_TASK DETAILS_: Take the line containing "trinkende Englische Bulldogge" through the last line of the data and retype those lines exactly. Pictures do not belong in the copy.

_PROVIDED DATA_:
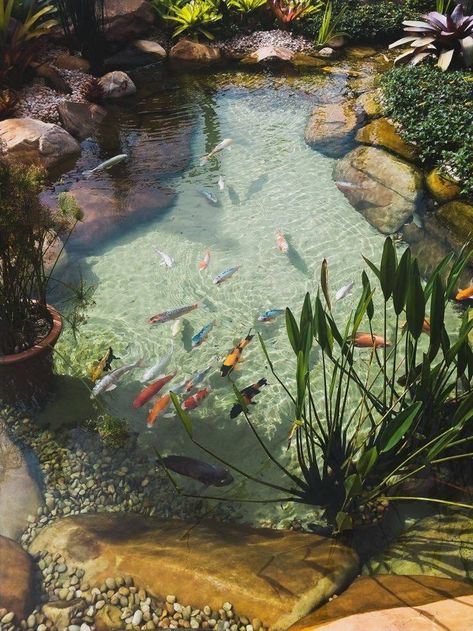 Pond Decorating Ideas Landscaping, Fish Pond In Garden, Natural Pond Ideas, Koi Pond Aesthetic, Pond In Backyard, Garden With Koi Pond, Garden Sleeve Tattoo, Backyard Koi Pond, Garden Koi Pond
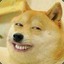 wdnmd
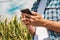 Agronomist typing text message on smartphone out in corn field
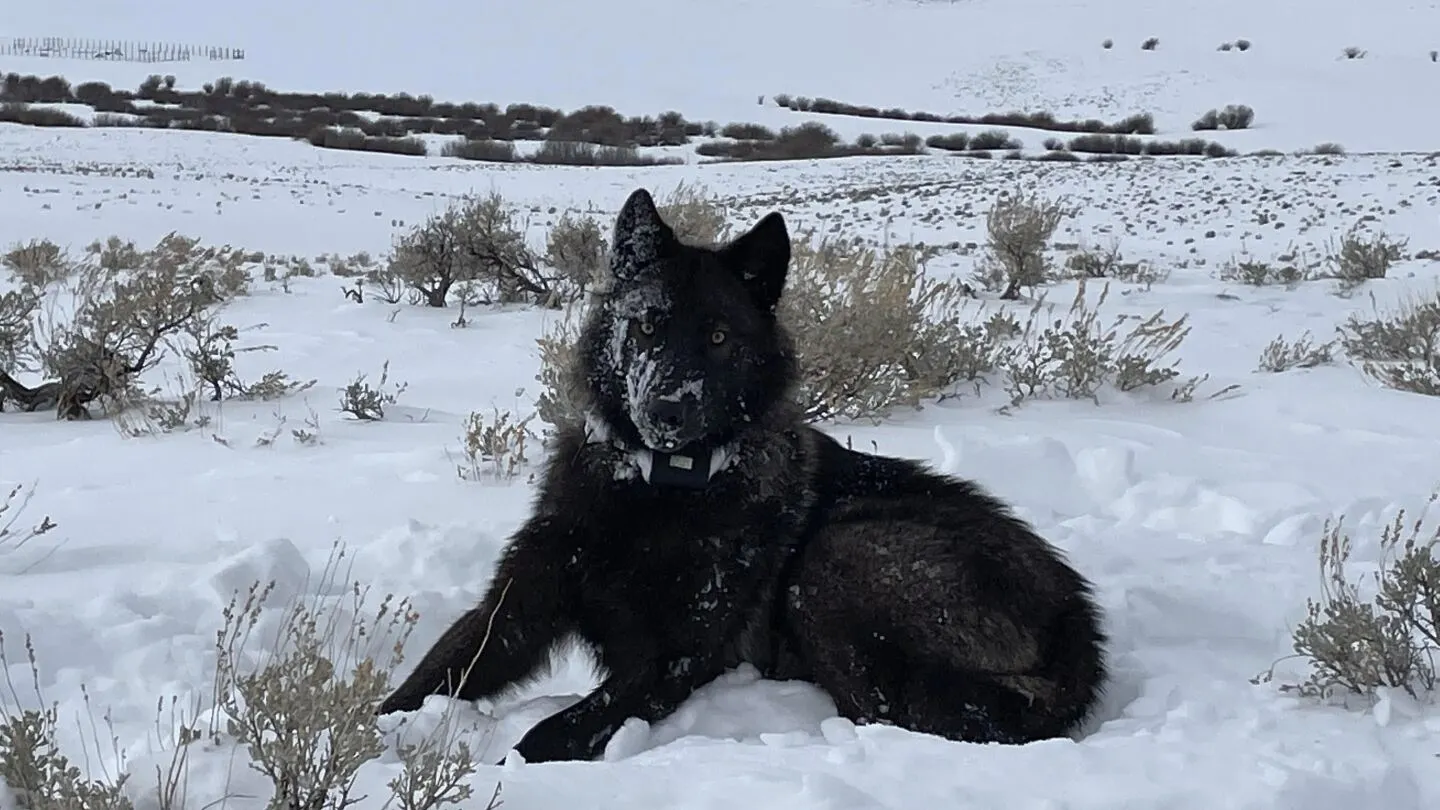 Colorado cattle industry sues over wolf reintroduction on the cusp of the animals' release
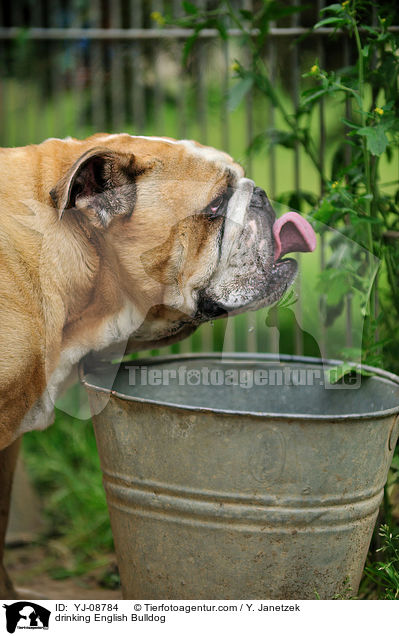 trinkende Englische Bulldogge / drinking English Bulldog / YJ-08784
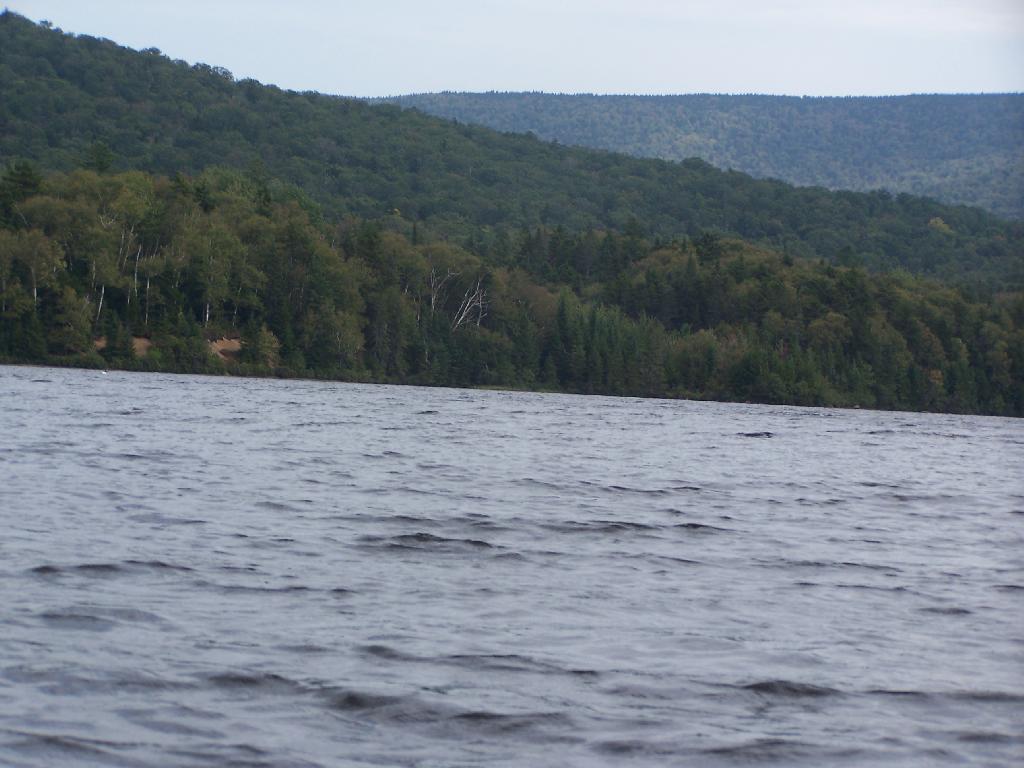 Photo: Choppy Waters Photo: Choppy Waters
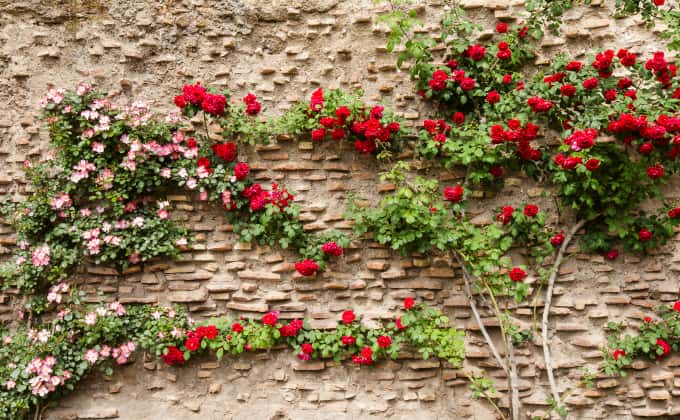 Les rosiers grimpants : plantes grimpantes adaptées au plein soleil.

_TASK ANSWER_:
 trinkende Englische Bulldogge / drinking English Bulldog / YJ-08784
 Photo: Choppy Waters Photo: Choppy Waters
 Les rosiers grimpants : plantes grimpantes adaptées au plein soleil.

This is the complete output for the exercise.